[Data block]
BEGIN

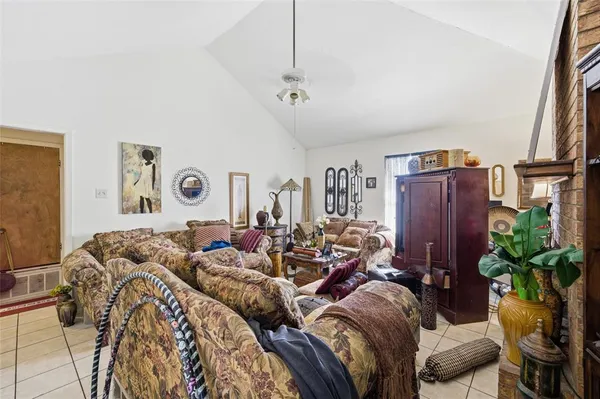 a bed room with a bed and a potted plant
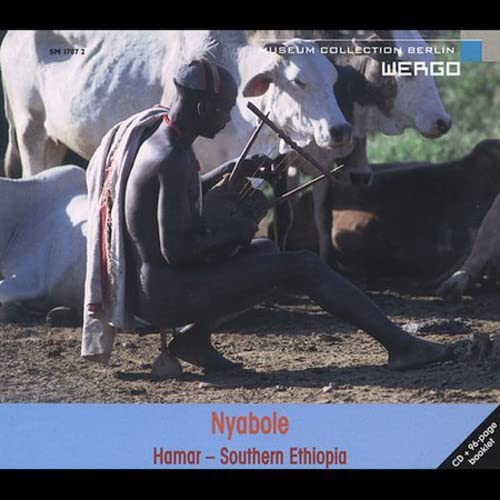 CD cover: Hamar man playing a musical instrument with cattle.
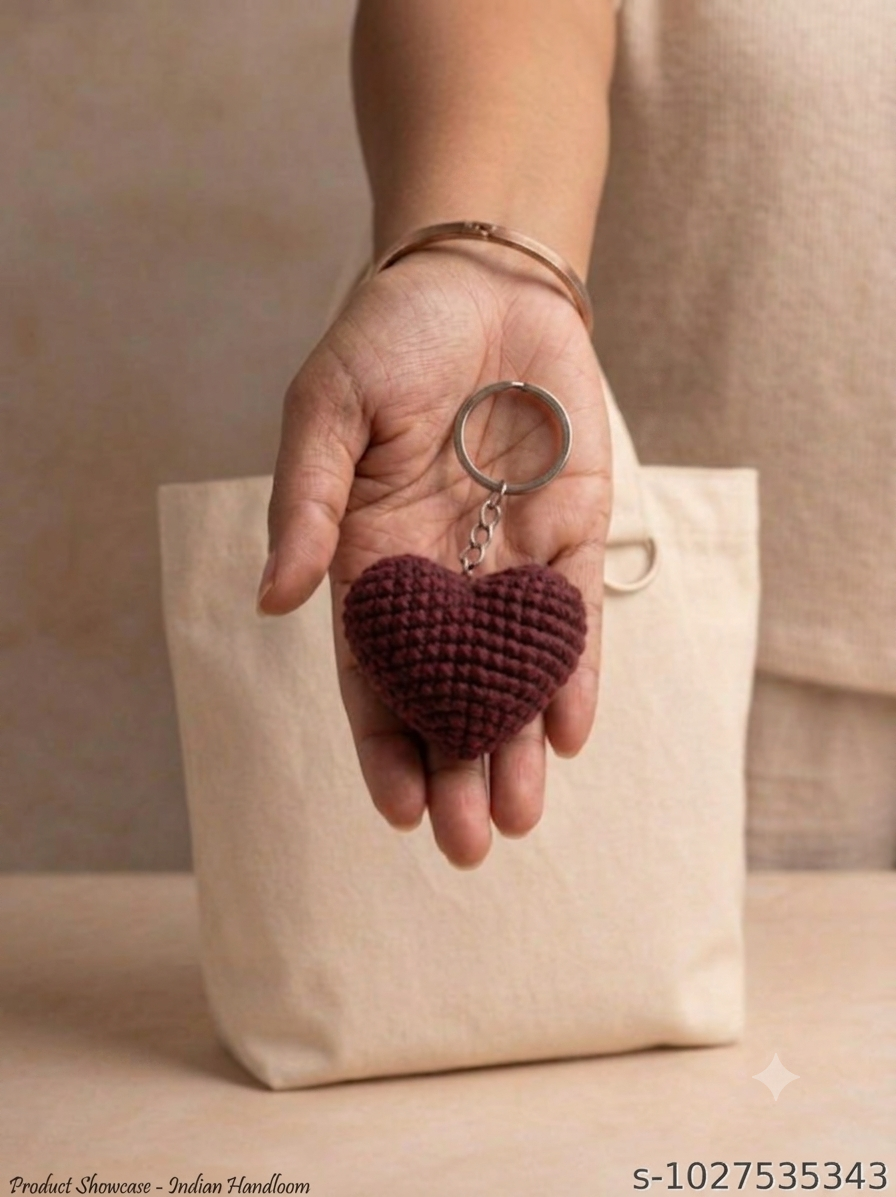 Lencho handmade crochet heart keychain and bag charm in maroon, product view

END

[Problem] Without the pictures, copy the material exactly as given.

[Answer to the exercise]
 a bed room with a bed and a potted plant
 CD cover: Hamar man playing a musical instrument with cattle.
 Lencho handmade crochet heart keychain and bag charm in maroon, product view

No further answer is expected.